● Data shown
┄┄┄┄┄┄┄┄┄┄┄┄┄┄┄┄┄┄┄┄
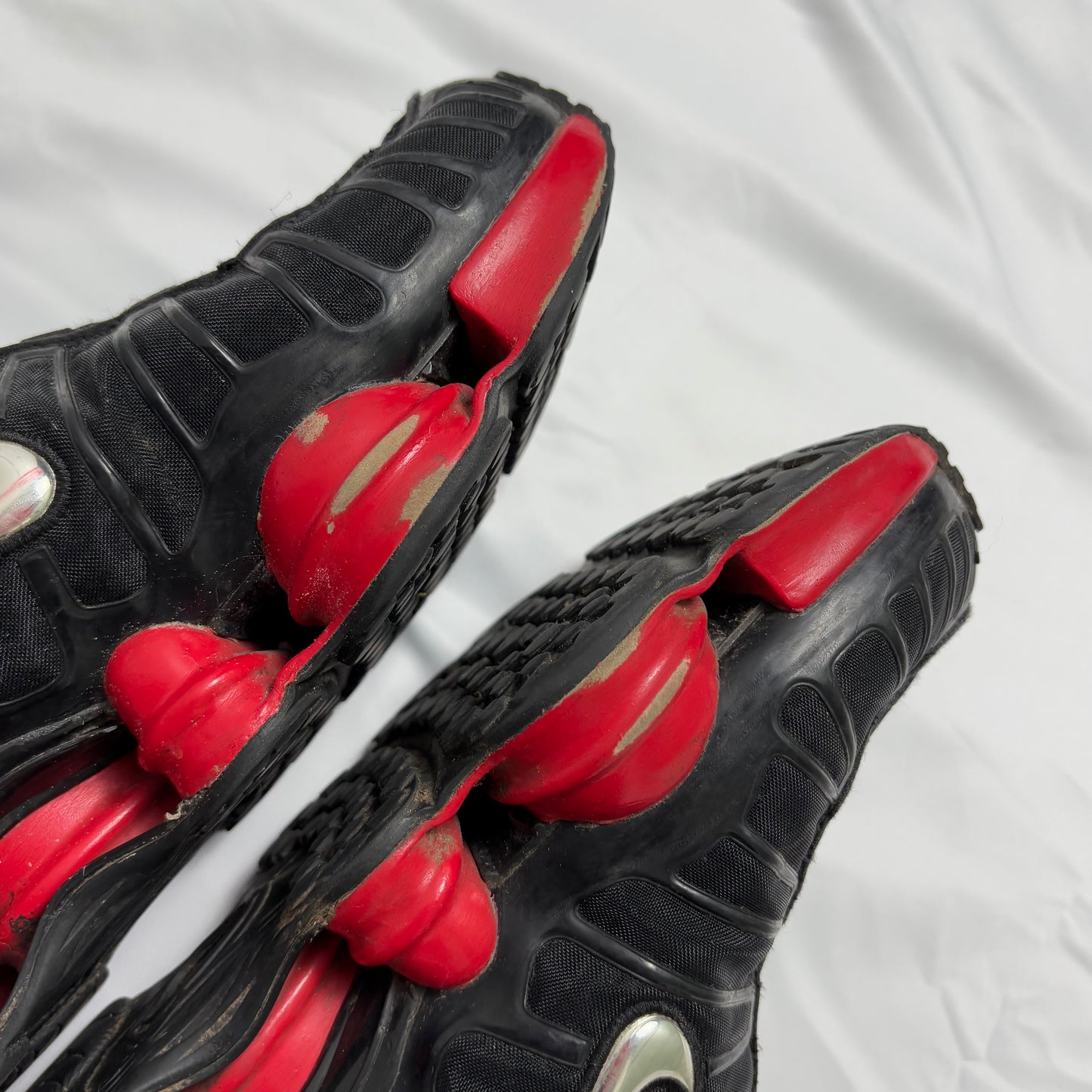 Nike Skepta Shox (UK10)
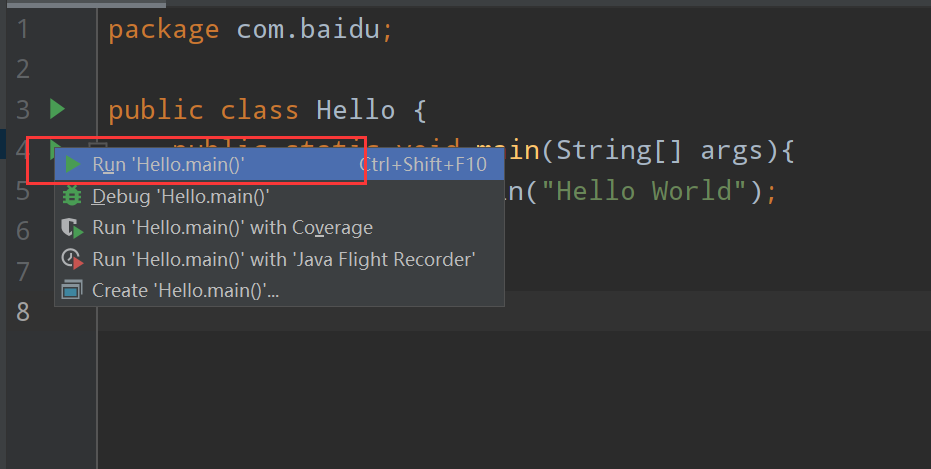 image-20230816070748097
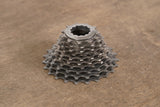 11-23T Shimano Dura-Ace CS-7900 10 Speed Road Cassette 170g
┄┄┄┄┄┄┄┄┄┄┄┄┄┄┄┄┄┄┄┄
Before writing out the material above, please remove its pictures; everything else stays exact.

 Nike Skepta Shox (UK10)
 image-20230816070748097
 11-23T Shimano Dura-Ace CS-7900 10 Speed Road Cassette 170g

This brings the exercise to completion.